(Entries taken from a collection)
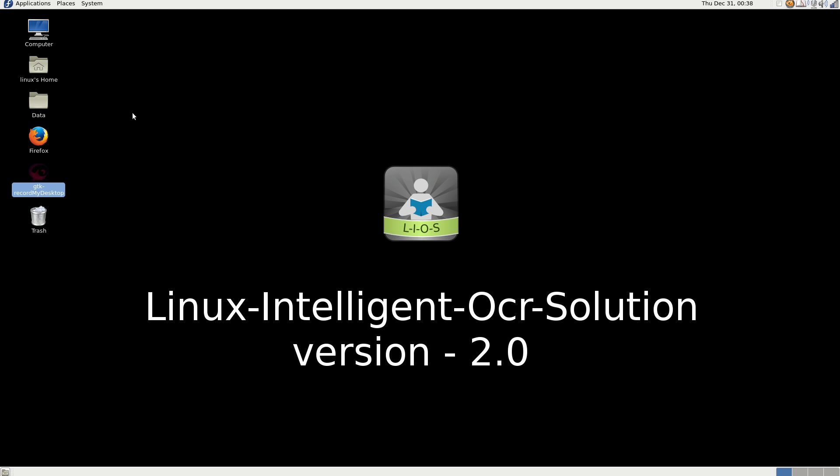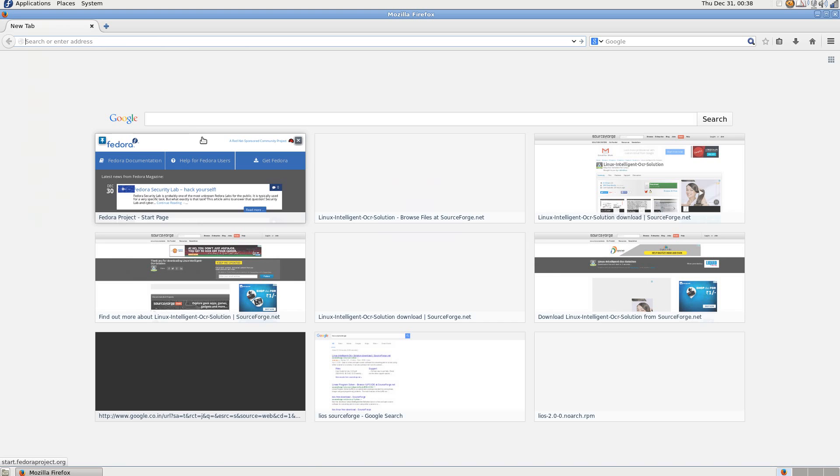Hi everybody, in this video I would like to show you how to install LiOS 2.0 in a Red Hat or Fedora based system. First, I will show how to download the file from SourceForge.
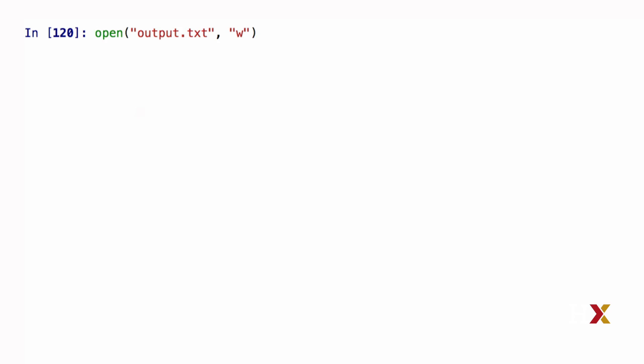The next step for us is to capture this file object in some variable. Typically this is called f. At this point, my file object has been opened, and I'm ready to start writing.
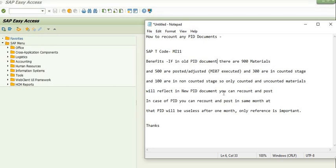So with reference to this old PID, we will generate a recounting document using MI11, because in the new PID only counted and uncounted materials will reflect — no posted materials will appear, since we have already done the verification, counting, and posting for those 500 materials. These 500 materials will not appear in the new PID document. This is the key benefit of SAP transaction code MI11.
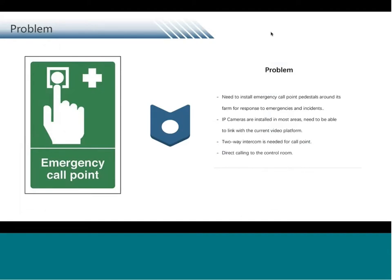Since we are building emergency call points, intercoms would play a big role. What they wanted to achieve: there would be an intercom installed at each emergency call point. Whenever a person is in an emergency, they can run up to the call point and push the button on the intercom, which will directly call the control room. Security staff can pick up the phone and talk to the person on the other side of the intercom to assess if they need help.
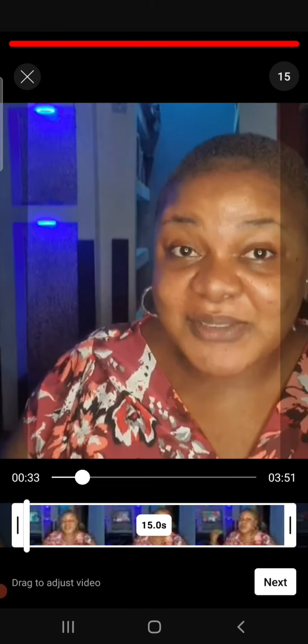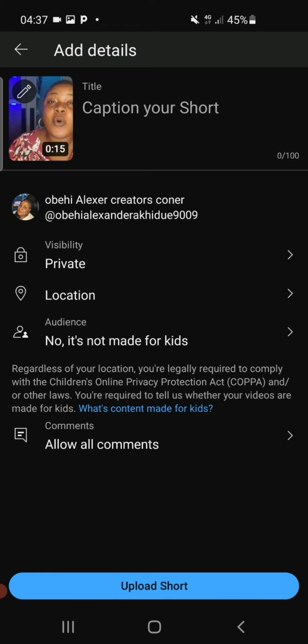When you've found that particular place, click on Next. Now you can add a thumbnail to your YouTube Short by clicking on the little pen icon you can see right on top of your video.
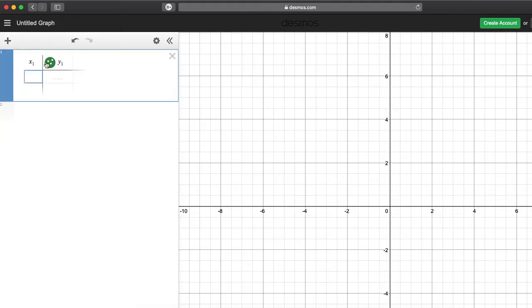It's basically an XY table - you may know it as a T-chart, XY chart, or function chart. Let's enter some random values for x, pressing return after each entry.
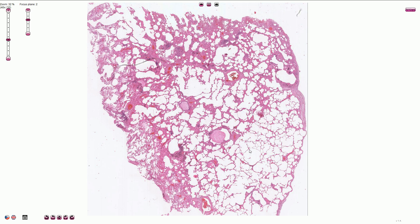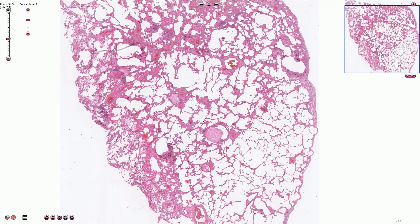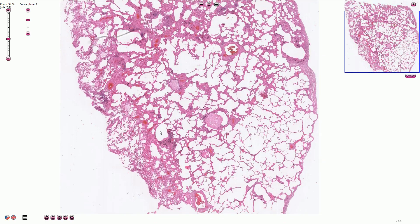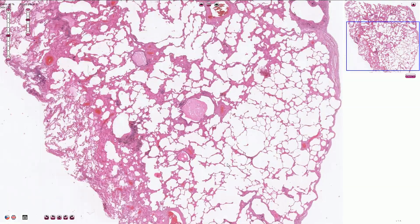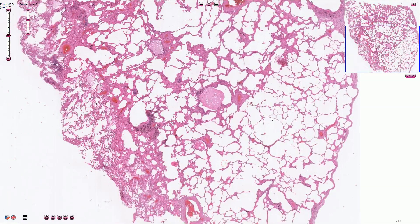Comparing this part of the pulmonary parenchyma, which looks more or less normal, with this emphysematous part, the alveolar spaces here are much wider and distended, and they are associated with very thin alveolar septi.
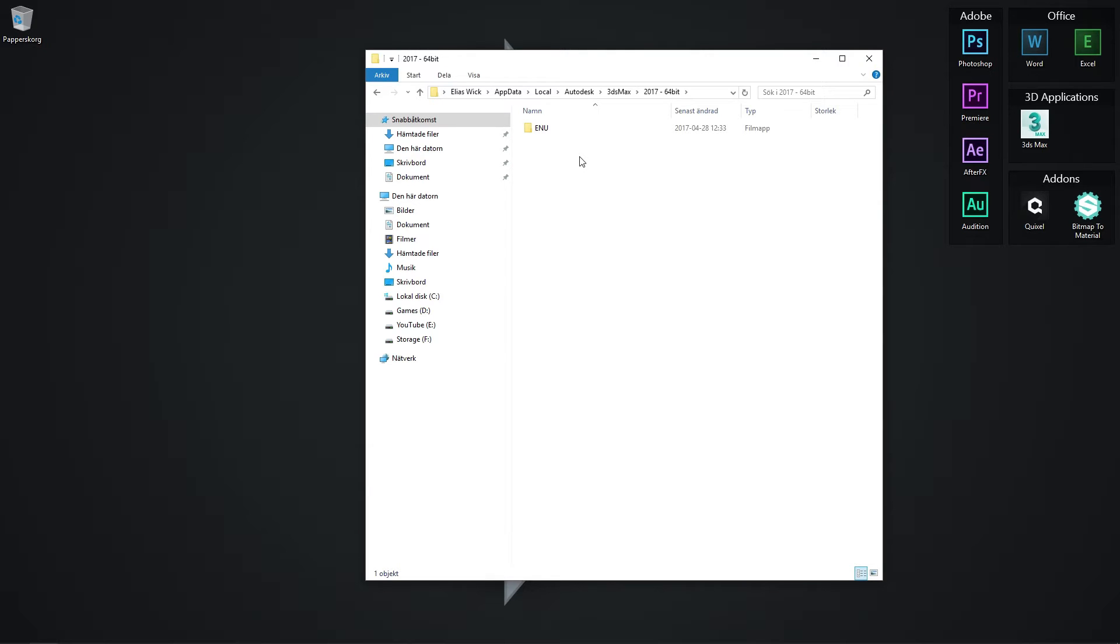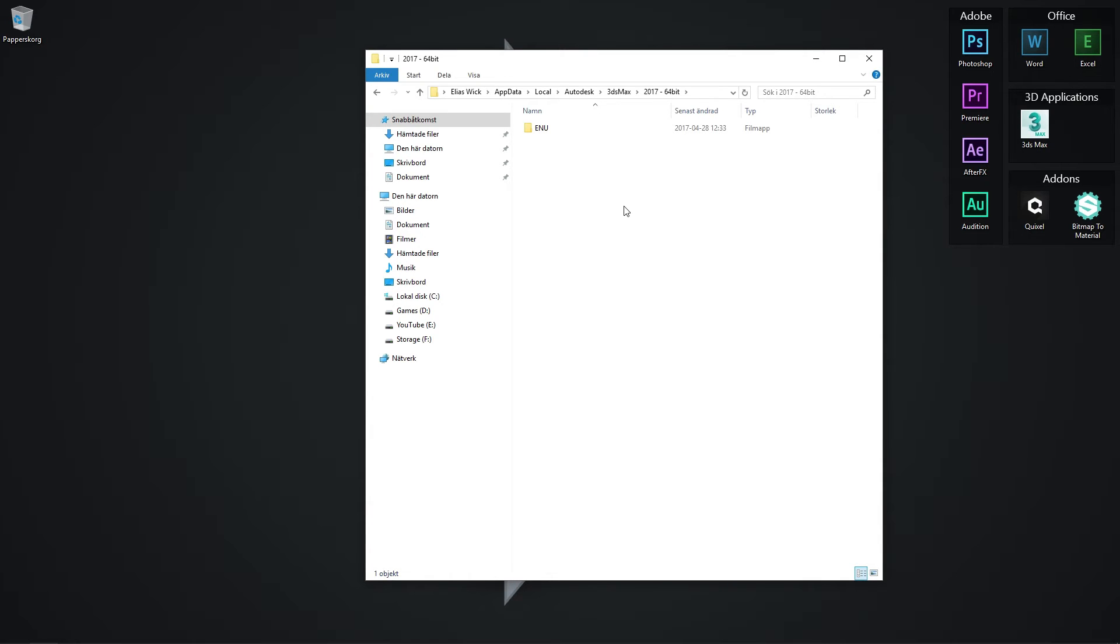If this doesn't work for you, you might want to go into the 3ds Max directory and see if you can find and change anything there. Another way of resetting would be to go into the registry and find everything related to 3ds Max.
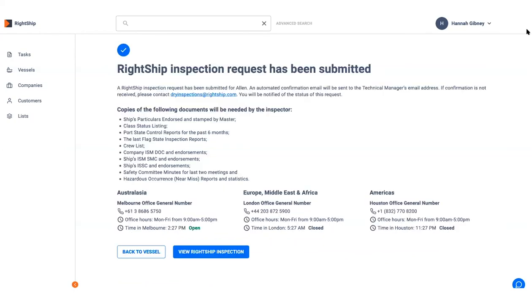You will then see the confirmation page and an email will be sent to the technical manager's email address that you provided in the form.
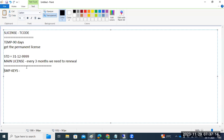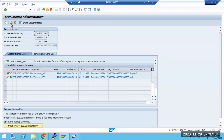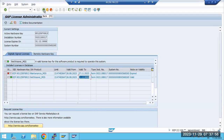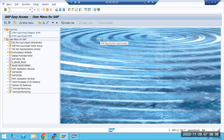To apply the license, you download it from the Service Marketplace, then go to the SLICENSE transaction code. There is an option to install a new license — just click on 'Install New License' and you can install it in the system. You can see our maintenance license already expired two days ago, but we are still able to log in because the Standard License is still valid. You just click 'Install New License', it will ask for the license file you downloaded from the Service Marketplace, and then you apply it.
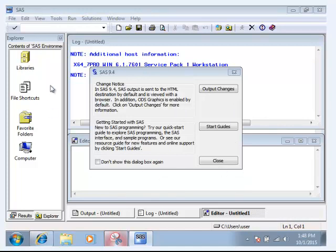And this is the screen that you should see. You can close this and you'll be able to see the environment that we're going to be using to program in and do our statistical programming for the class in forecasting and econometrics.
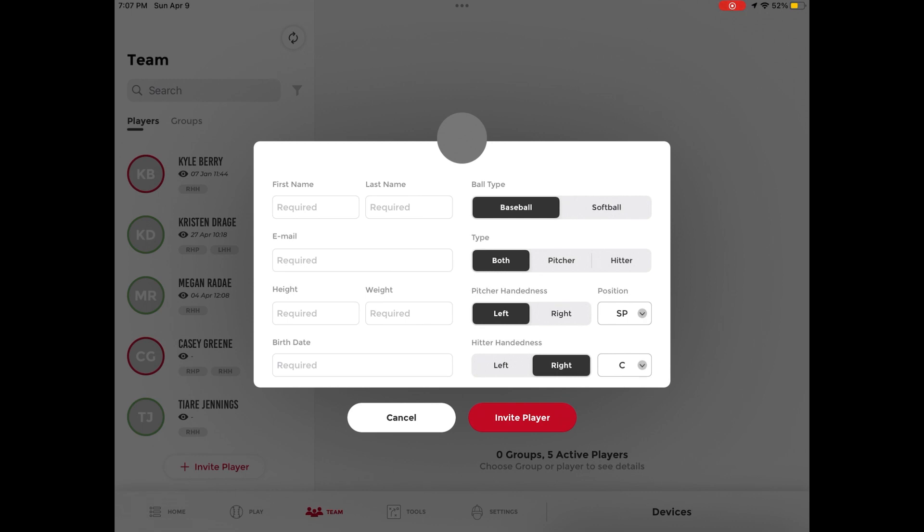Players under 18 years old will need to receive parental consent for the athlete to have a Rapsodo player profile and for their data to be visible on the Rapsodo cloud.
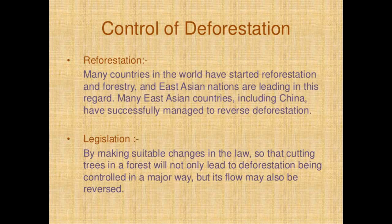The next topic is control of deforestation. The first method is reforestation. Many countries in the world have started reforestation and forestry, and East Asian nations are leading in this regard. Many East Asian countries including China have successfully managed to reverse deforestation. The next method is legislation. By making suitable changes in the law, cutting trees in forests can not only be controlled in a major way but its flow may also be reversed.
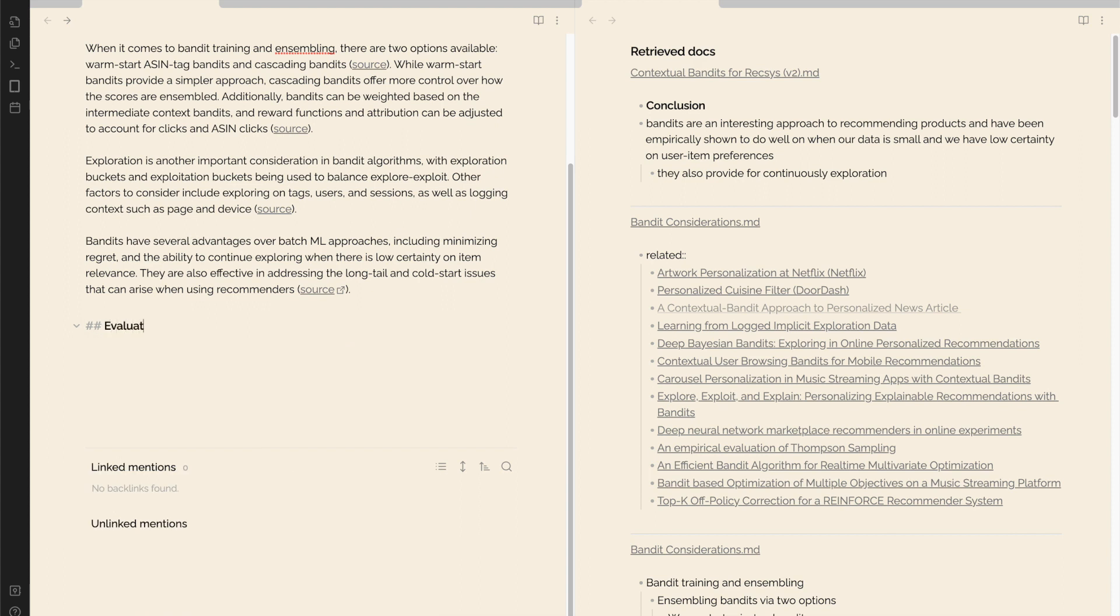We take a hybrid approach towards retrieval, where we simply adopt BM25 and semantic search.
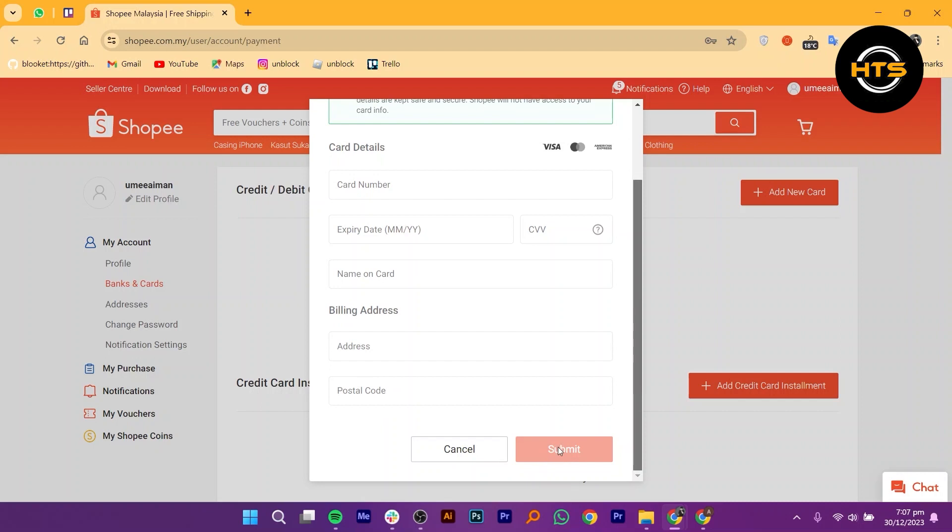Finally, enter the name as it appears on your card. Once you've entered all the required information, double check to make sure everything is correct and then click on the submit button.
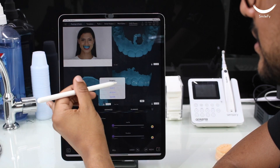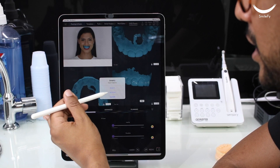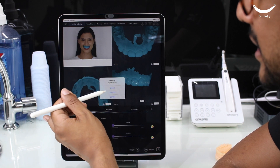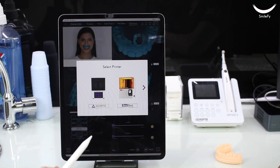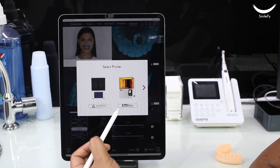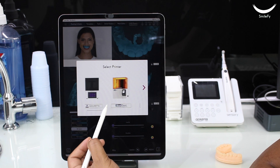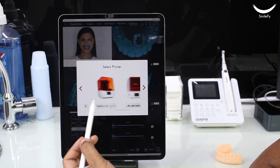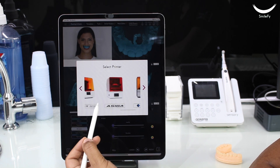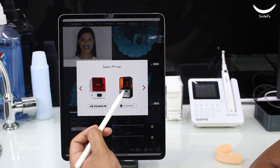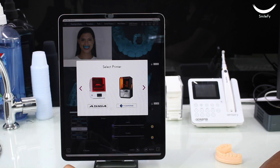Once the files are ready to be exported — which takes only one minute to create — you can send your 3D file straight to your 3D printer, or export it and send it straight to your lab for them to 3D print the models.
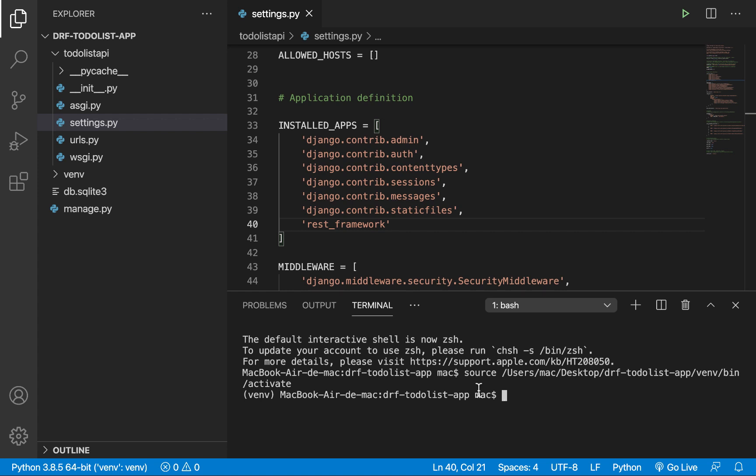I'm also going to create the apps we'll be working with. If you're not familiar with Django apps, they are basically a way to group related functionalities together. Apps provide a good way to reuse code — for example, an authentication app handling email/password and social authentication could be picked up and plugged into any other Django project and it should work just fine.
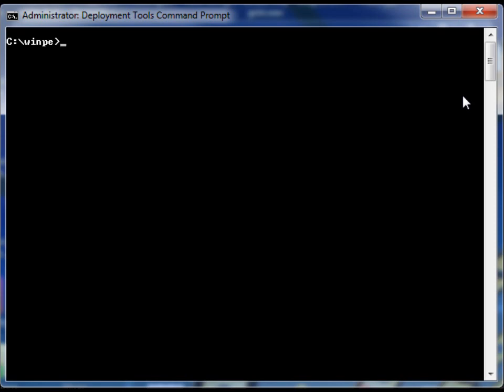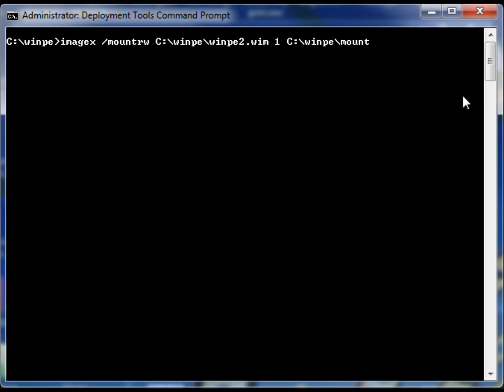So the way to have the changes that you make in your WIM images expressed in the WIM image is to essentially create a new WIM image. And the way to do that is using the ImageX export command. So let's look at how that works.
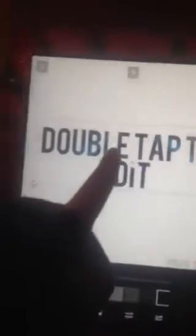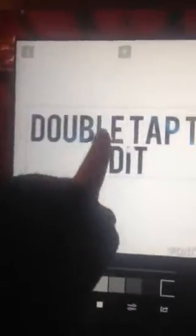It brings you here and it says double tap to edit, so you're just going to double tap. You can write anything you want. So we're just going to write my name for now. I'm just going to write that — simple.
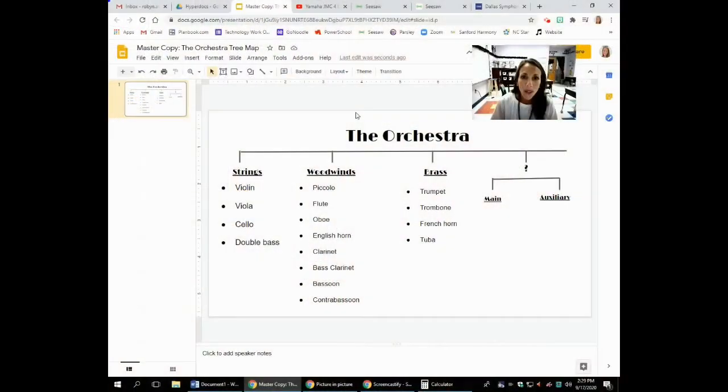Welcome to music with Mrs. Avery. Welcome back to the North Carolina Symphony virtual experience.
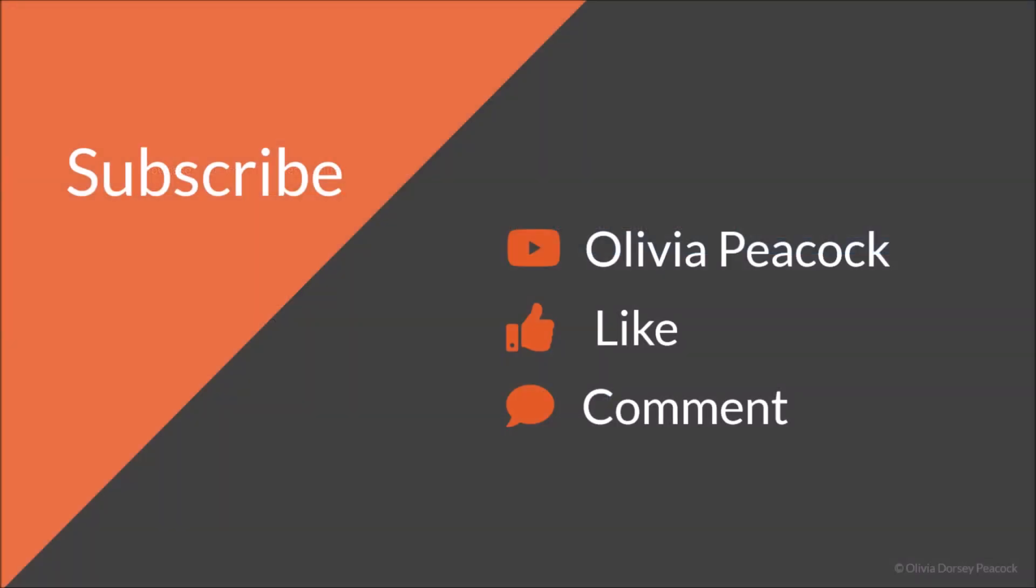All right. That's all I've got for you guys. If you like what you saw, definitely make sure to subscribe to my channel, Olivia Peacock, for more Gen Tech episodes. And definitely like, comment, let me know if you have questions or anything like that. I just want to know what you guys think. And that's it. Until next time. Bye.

What is required: An exact copy of all the entries is required, and it must contain no pictures.

Worked solution:
Hi everybody, in this video I would like to show you how to install LiOS 2.0 in a Red Hat or Fedora based system. First, I will show how to download the file from SourceForge.
The next step for us is to capture this file object in some variable. Typically this is called f. At this point, my file object has been opened, and I'm ready to start writing.
So with reference to this old PID, we will generate a recounting document using MI11, because in the new PID only counted and uncounted materials will reflect — no posted materials will appear, since we have already done the verification, counting, and posting for those 500 materials. These 500 materials will not appear in the new PID document. This is the key benefit of SAP transaction code MI11.
Since we are building emergency call points, intercoms would play a big role. What they wanted to achieve: there would be an intercom installed at each emergency call point. Whenever a person is in an emergency, they can run up to the call point and push the button on the intercom, which will directly call the control room. Security staff can pick up the phone and talk to the person on the other side of the intercom to assess if they need help.
When you've found that particular place, click on Next. Now you can add a thumbnail to your YouTube Short by clicking on the little pen icon you can see right on top of your video.
It's basically an XY table - you may know it as a T-chart, XY chart, or function chart. Let's enter some random values for x, pressing return after each entry.
Comparing this part of the pulmonary parenchyma, which looks more or less normal, with this emphysematous part, the alveolar spaces here are much wider and distended, and they are associated with very thin alveolar septi.
If this doesn't work for you, you might want to go into the 3ds Max directory and see if you can find and change anything there. Another way of resetting would be to go into the registry and find everything related to 3ds Max.
You will then see the confirmation page and an email will be sent to the technical manager's email address that you provided in the form.
To apply the license, you download it from the Service Marketplace, then go to the SLICENSE transaction code. There is an option to install a new license — just click on 'Install New License' and you can install it in the system. You can see our maintenance license already expired two days ago, but we are still able to log in because the Standard License is still valid. You just click 'Install New License', it will ask for the license file you downloaded from the Service Marketplace, and then you apply it.
And this is the screen that you should see. You can close this and you'll be able to see the environment that we're going to be using to program in and do our statistical programming for the class in forecasting and econometrics.
Players under 18 years old will need to receive parental consent for the athlete to have a Rapsodo player profile and for their data to be visible on the Rapsodo cloud.
The next topic is control of deforestation. The first method is reforestation. Many countries in the world have started reforestation and forestry, and East Asian nations are leading in this regard. Many East Asian countries including China have successfully managed to reverse deforestation. The next method is legislation. By making suitable changes in the law, cutting trees in forests can not only be controlled in a major way but its flow may also be reversed.
We take a hybrid approach towards retrieval, where we simply adopt BM25 and semantic search.
Finally, enter the name as it appears on your card. Once you've entered all the required information, double check to make sure everything is correct and then click on the submit button.
Once the files are ready to be exported — which takes only one minute to create — you can send your 3D file straight to your 3D printer, or export it and send it straight to your lab for them to 3D print the models.
I'm also going to create the apps we'll be working with. If you're not familiar with Django apps, they are basically a way to group related functionalities together. Apps provide a good way to reuse code — for example, an authentication app handling email/password and social authentication could be picked up and plugged into any other Django project and it should work just fine.
So the way to have the changes that you make in your WIM images expressed in the WIM image is to essentially create a new WIM image. And the way to do that is using the ImageX export command. So let's look at how that works.
It brings you here and it says double tap to edit, so you're just going to double tap. You can write anything you want. So we're just going to write my name for now. I'm just going to write that — simple.
Welcome to music with Mrs. Avery. Welcome back to the North Carolina Symphony virtual experience.
All right. That's all I've got for you guys. If you like what you saw, definitely make sure to subscribe to my channel, Olivia Peacock, for more Gen Tech episodes. And definitely like, comment, let me know if you have questions or anything like that. I just want to know what you guys think. And that's it. Until next time. Bye.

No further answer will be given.